トイレの観葉植物が伝えるもの
「これだけゴミがあるんだから、しばらくもうここには住んでなかったんじゃないの」
警察官が両手で山を掻き分けながら、誰に言うでもなしにそうつぶやいた。とても人が住める環境ではない、そう感じたのだろう。
一家の誰もがこの部屋を見て、そうであって欲しいと願った。こんな環境でおーちゃんが過ごしていたなんて、とてもではないが信じたくはなかった。
何とかゴミを掻き分け、トイレのドアを開けると、便器は何年も掃除すらされておらず、古い廃油のように黒ずんでいた。
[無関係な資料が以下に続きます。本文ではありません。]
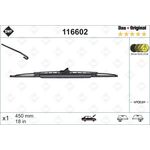 BMW F20 SİLECEK SÜPÜRGESİ SAĞ 01-10 VALEO 61619069195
さらに便器の中の排水口にもビニール袋に詰まったゴミが投げ込まれていて、便座の高さまで、その周囲を使用済みのおむつが占拠していた。
タンクの手洗い口には、緑色のフェイクのポトスが置かれ、さらにその上の戸棚には、フェイクのミニサボテンや人工観葉植物が埃に埋もれていた。隣には、トイレクリーナーのプラスチックの箱が並んでいる。凄まじい部屋の状態にもかかわらず、便器蓋には、クリーム色のタオル生地のカバーがかけられているのが、ちぐはぐな感じがする。
香織は人工観葉植物は、この部屋がゴミ屋敷になる状態の前に置かれたものではないかと思った。おーちゃんは少なくともトイレを観葉植物で飾り、便器周りの掃除を行っていた時期があった。これは、ある時までは通常の生活を送っていたおーちゃんの心身に、何らかの異変や心境の変化があったと思わせる光景でもある。
和子はおーちゃんがマンションに入居したときに、思いを巡らせた。
そう、一度和子と清は香織と共にこのマンションを訪ねた記憶がある。
20年前、あれはこのマンションにおーちゃんが入居してすぐのことだった。
一人暮らしを始めたのが嬉しかったのか、おーちゃんはすぐにこの部屋に招き入れてくれた。まだこのマンションが新築だった時のことだ。
その時は、おーちゃんは部屋を可愛く飾り、小さなちゃぶ台で手作りの昼食を振るまってくれた。だから、和子も香織もその部屋と今のゴミ集積所のようなこの部屋とが結びつかない。今見ているこの世界は、悪夢さながらで、現実感に乏しかった。
家族の思い出の品がゴミに
和子はそのゴミの中から見覚えのある小さな箱を見つけた。
一家は、つい3カ月前にお誕生日会を開いたばかりだった。3月は、清と香織と明美の誕生日が重なることもあり、家族みんなで地元の和食のお店に集まって、和子は3人にそれぞれプレゼントを手渡した。
その時、和子が明美にあげたチョコレートの箱は、ベランダに近いゴミの山の中に、押しつぶされてへこんだ状態で埋もれていた。
他にも、いくつか和子の見覚えのある品があった。玄関の下駄箱の上にあった時計の置物は、おーちゃんが短大の卒業制作で作ったものに間違いなかった。茶色の枠にはまった、透明のガラスケースの中に、秒針が止まった時計と、青い如雨露と、鉢植えの小さなミニチュアがあった。それは、まるでそこだけ時が流れていないかのように、ポツリと下駄箱の上に放置されていた。マンションに引っ越すときに、和子がおーちゃんに持たせたものだった。